Thursday, October 16th, Hess Commons, 11:45am
Levin Lecture 

Andrew An Chen, PhD
Assistant Professor, Department of Public Health Sciences
Medical University of South Carolina

Methodological Considerations in Applying Brain Charts to New Samples

Abstract:

Multi-site national and international imaging consortia have formed with the goal of precisely characterizing the human brain across the lifespan. These consortia have succeeded in collecting large samples of brain magnetic resonance imaging (MRI) scans to estimate sex-specific trajectories of brain phenotypes across age, often called brain charts. The promise of brain charts is that future researchers and clinicians will be able to assess a new scan for deviations from this healthy trajectory. However, the implementation of these charts in practice is severely limited by differences across study sites, also known as site effects. Here, we first discuss several projects in harmonization of MRI data specifically tailored to this normative modeling setting. Then, we leverage advancements in model uncertainty quantification to propose new ways to calibrate brain charts, as an alternative to harmonizing data. Finally, we apply our approaches to the Lifespan Brain Chart Consortium (LBCC) to assess generalizability to new scans from both healthy individuals and Alzheimer's disease (AD) patients. Based on our findings, we provide methodological recommendations for applying fitted brain charts to new sites.

Thursday, October 23rd, Zoom, 11:45am
Levin Lecture 

GuanNan Wang, PhD
Assistant Professor, Mathematics
College of William & Mary

Boosting Biomedical Imaging Analysis via Distributed Functional Regression and Synthetic Surrogates

Abstract:
Understanding how scalar covariates influence spatial patterns in medical imaging data, such as neuroimaging or organ-level functional images, is a central challenge in modern biomedical research. The rapid expansion of large-scale imaging studies has heightened the need for statistical frameworks that are both interpretable and computationally scalable. In this talk, I will introduce a new class of domain-aware functional regression models, where spatially varying coefficients link scalar predictors to imaging responses defined over complex 3D domains. Our Distributed Image-on-Scalar Regression framework employs a triangulation-based domain decomposition strategy, enabling efficient parallel estimation with trivariate penalized splines. This design preserves global spatial structure while flexibly accommodating subregion-specific heterogeneity. To address additional challenges posed by incomplete or noisy imaging data, I will also discuss the use of synthetic surrogates generated with modern AI tools. Rather than imputing missing values directly, these synthetic surrogates can serve as auxiliary data that can be jointly analyzed with observed images, improving efficiency while maintaining robustness to imputation error. Together, these advances pave the way for scalable, uncertainty-aware statistical analysis of high-dimensional biomedical imaging.

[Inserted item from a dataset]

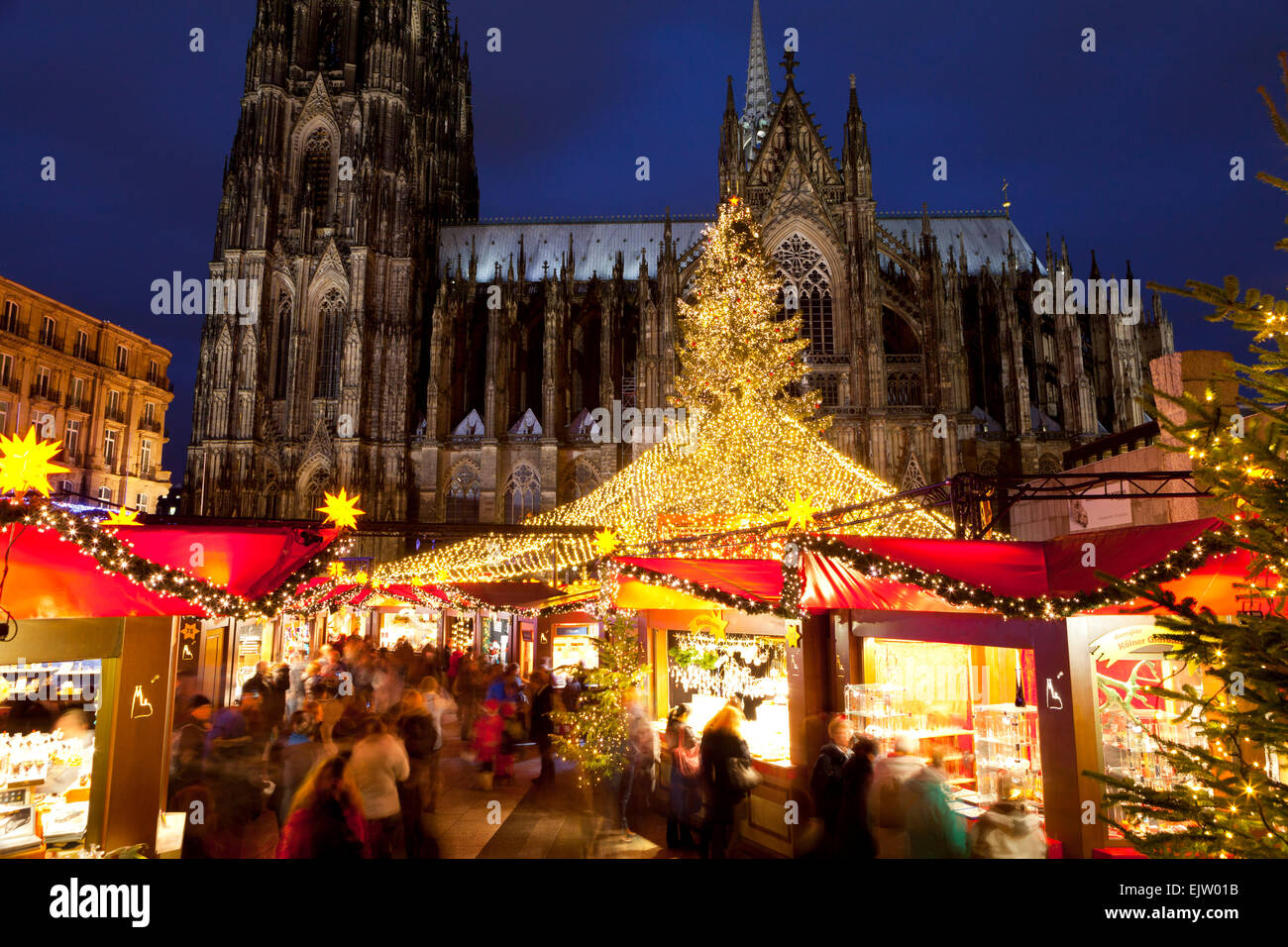 Weihnachtsmarkt unter den Kölner Dom, Köln Stockfoto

Thursday, October 30th, Zoom, 9:00am
Levin Lecture 

Bibhas Chakraborty, PhD
Associate Professor, Centre for Quantitative Medicine; Interim Director, Centre for Quantitative Medicine
Duke-NUS Medical School

Innovative Trial Designs in Mobile Health Using Reinforcement Learning

Abstract:

Mobile health (mHealth) interventions (e.g., motivational text-messages or nudges to promote healthy behaviors) are becoming increasingly common in tandem with advances in mobile and wearable sensor technologies. In this talk, we will discuss an innovative trial design arising in mHealth, namely, the micro-randomized trial (MRT) that involves sequential, within-person randomization over many instances. The basic MRT design can be further improved to make it adaptive, thereby enabling it to learn from accumulated data as the trial progresses. This is appealing from an ethical perspective since the adaptive learning tends to make better interventions available to the trial participants. Adaptive learning in such trial designs is often operationalized via Reinforcement Learning algorithms. Specifically, we will discuss the role of a particular algorithm called Thompson sampling in designing adaptive MRTs. Theoretical as well as simulation results will be shown to validate the proposed approach. An mHealth clinical trial will be discussed in detail as a case study.

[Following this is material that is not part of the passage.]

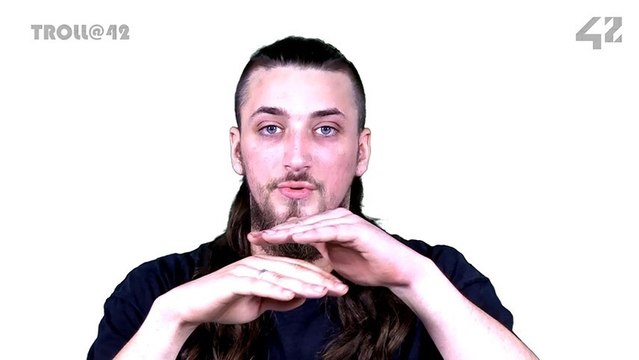 TROLL@42 - Entre guillemets s'empiler by Zaz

Thursday, November 6th, Hess Commons, 11:45am
Levin Lecture 

Weng Kee Wong, PhD
Professor of Biostatistics
University of California Los Angeles Fielding School of Public Health

Nature-inspired Metaheuristics as a General-Purpose Optimization Tool in statistical Research

Metaheuristics have been widely used in engineering and computer science to tackle various types of optimization problems and are now increasingly used across disciplines.  In particular, nature-inspired metaheuristic algorithms are increasingly popular in industry and AI for solving all kinds of complex and high-dimensional optimization problems. Interestingly, these algorithms seem to be still relatively underused in the statistical research community. I present an overview of nature-inspired metaheuristics and some of their applications in statistics. The main appealing features of these algorithms are their speed, flexibility, availability of codes in different platforms, and ease of implementation and usage.  Above all, they are virtually assumptions free, which allows us to apply them to solve a huge range of challenging optimization tasks, including cases when the objective function or functions are non-differentiable or not explicitly specified.  I will discuss recent applications to find challenging optimal designs for non-linear models commonly used in the biomedical sciences, how nature-inspired metaheuristics can design more efficient early phase clinical trials, and their recent applications to tackle non-design optimization problems in statistics.  

 

 

 

Thursday, November 13th, Zoom, 11:45am
Levin Lecture 

Lina Montoya, PhD
Assistant Professor, Department of Biostatistics; Assistant Professor, School of Data Science and Society
University of North Carolina Gillings School of Global Public Health

Effects among the affected

In this talk, she will discuss a causal estimand that elucidates how response to an earlier treatment (e.g., treatment initiation) modifies the effect of a later treatment (e.g., treatment discontinuation), thus learning if there are effects among the (un)affected. Specifically, she considers a working marginal structural model summarizing how the average effect of a later treatment varies as a function of the (estimated) conditional average effect of an earlier treatment.She defines the estimand to be a data-adaptive causal parameter, allowing for estimation of the conditional average treatment effect using machine learning without making strong smoothness assumptions. She shows how a sequentially randomized design can be used to identify this causal estimand, and we describe a targeted maximum likelihood estimator for the resulting statistical estimand, with influence curve-based inference. Throughout, she uses the “Adaptive Strategies for Preventing and Treating Lapses of Retention in HIV Care” trial (NCT02338739) as an illustrative example, showing that discontinuation of conditional cash transfers for HIV care adherence was most harmful among those who most had an increase in benefits from them initially. 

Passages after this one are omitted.